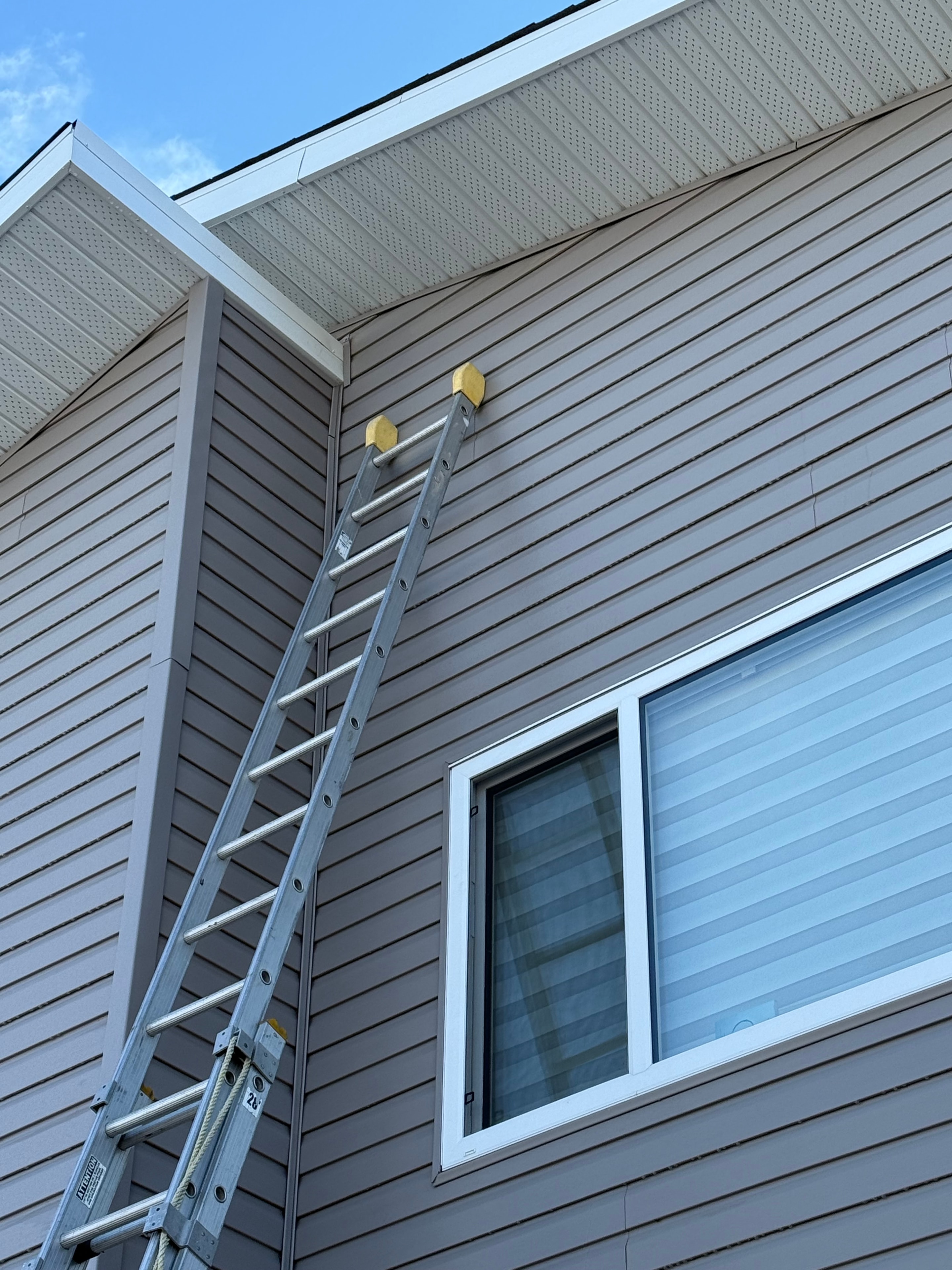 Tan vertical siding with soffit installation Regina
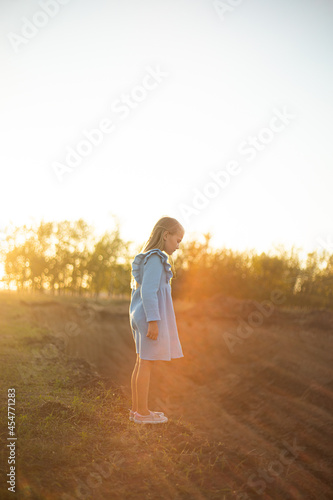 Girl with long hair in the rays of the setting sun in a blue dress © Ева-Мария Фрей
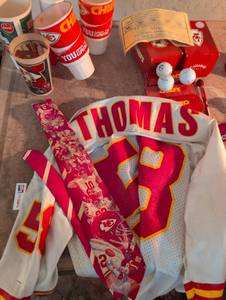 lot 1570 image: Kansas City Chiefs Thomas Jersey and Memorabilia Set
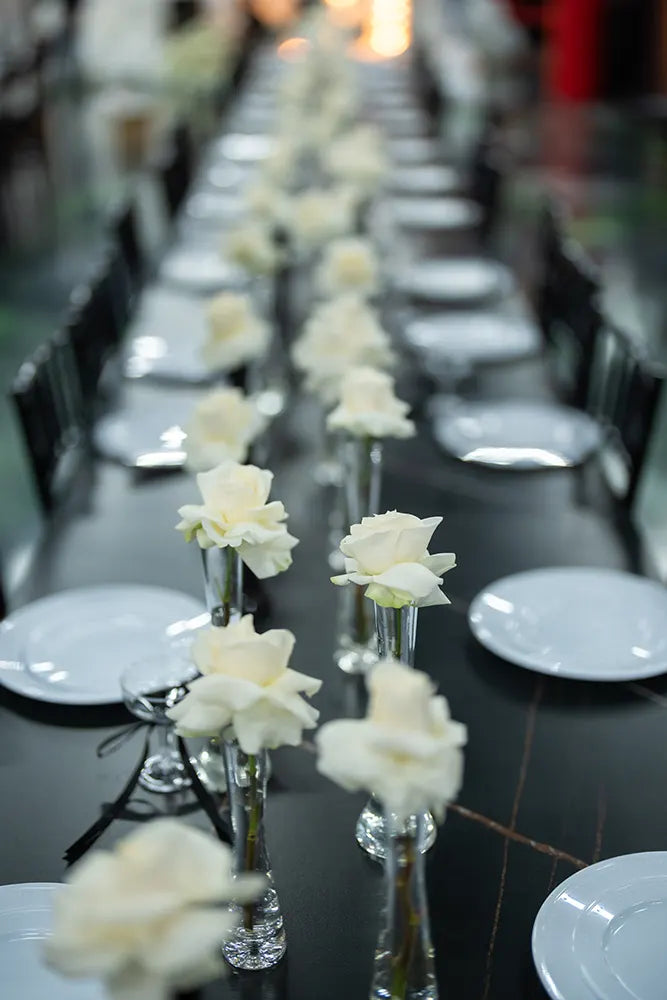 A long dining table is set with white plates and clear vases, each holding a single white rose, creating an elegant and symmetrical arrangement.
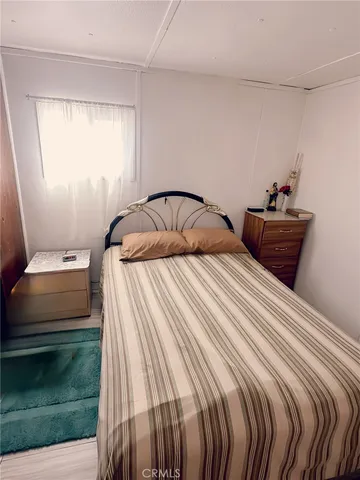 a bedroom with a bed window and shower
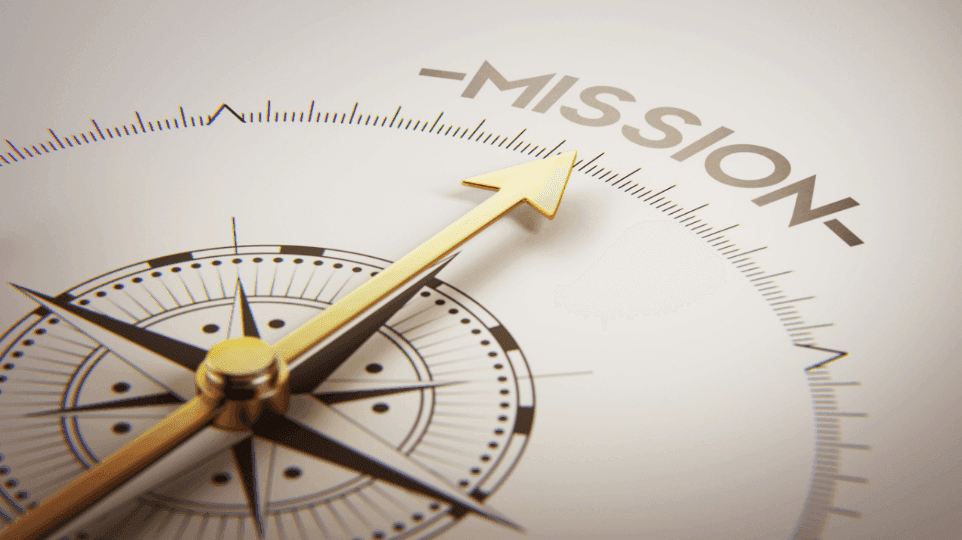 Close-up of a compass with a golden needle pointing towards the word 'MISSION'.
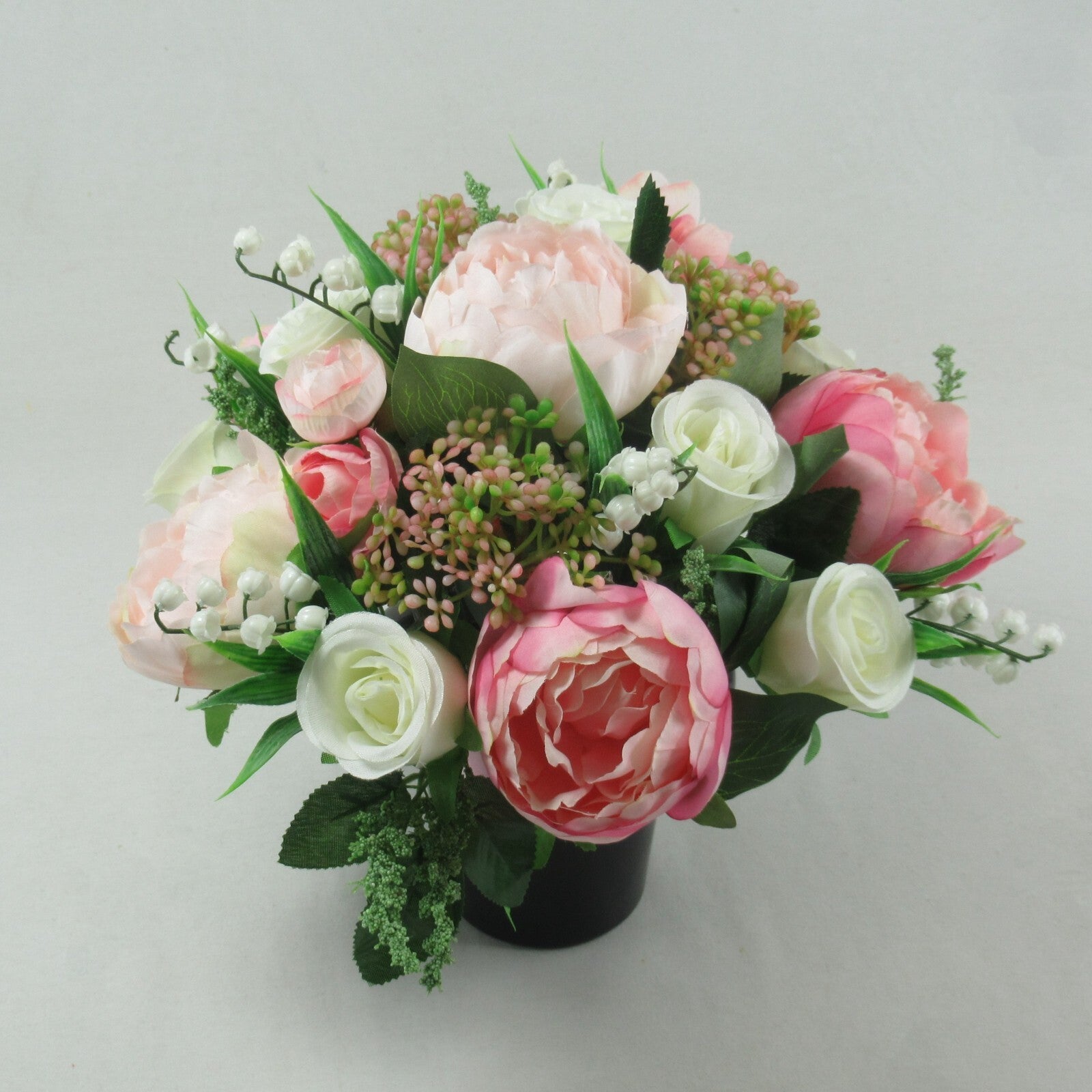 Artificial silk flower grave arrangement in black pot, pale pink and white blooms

————————

** Prompt **
An exact copy is needed of every line from the line containing "a bedroom with a bed window and shower" to the last line of the records; pictures stay out of it.

** Result of the task **
 a bedroom with a bed window and shower
 Close-up of a compass with a golden needle pointing towards the word 'MISSION'.
 Artificial silk flower grave arrangement in black pot, pale pink and white blooms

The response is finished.